__HOW TO COMPLETE THIS TASK__.
Please retype the listing below exactly as it stands, skipping any pictures.

__EXERCISE DATA__.
-=-=-
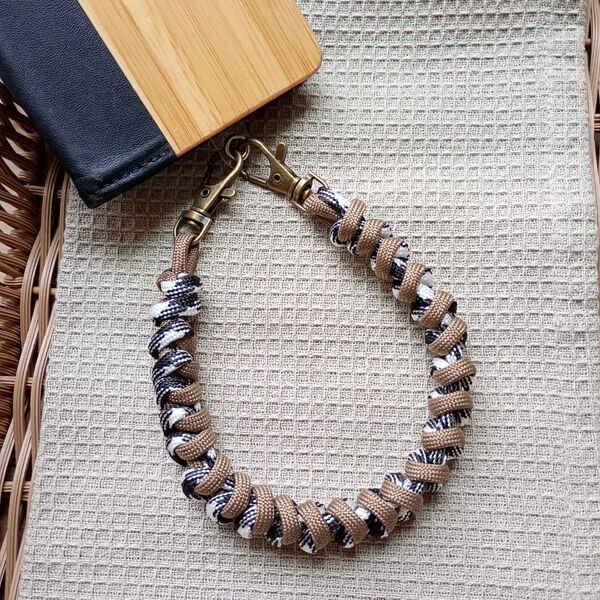#45ハンドメイド スマホストラップ ハンドストラップ パラコード ライトブラウン マクラメ キーホルダー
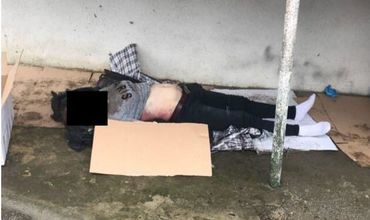 Женщина не была бездомной, она была ухоженной, прилично одетой и с маникюром.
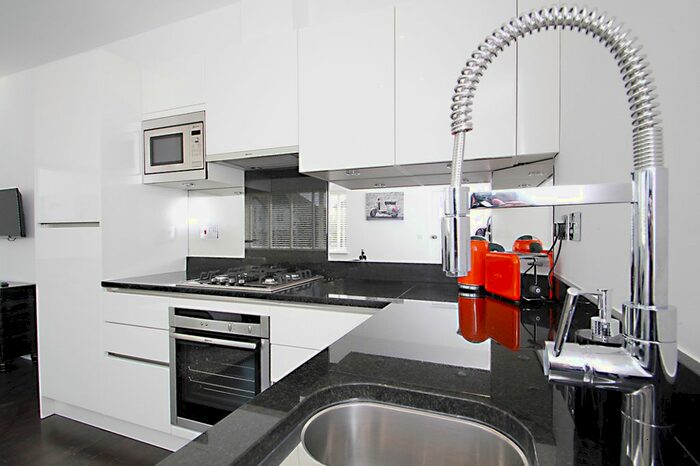 2 Bedroom Flat To Rent In Wharton Road, Headington, Oxford, OX3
-=-=-
__WRITTEN ANSWER__.
#45ハンドメイド スマホストラップ ハンドストラップ パラコード ライトブラウン マクラメ キーホルダー
 Женщина не была бездомной, она была ухоженной, прилично одетой и с маникюром.
 2 Bedroom Flat To Rent In Wharton Road, Headington, Oxford, OX3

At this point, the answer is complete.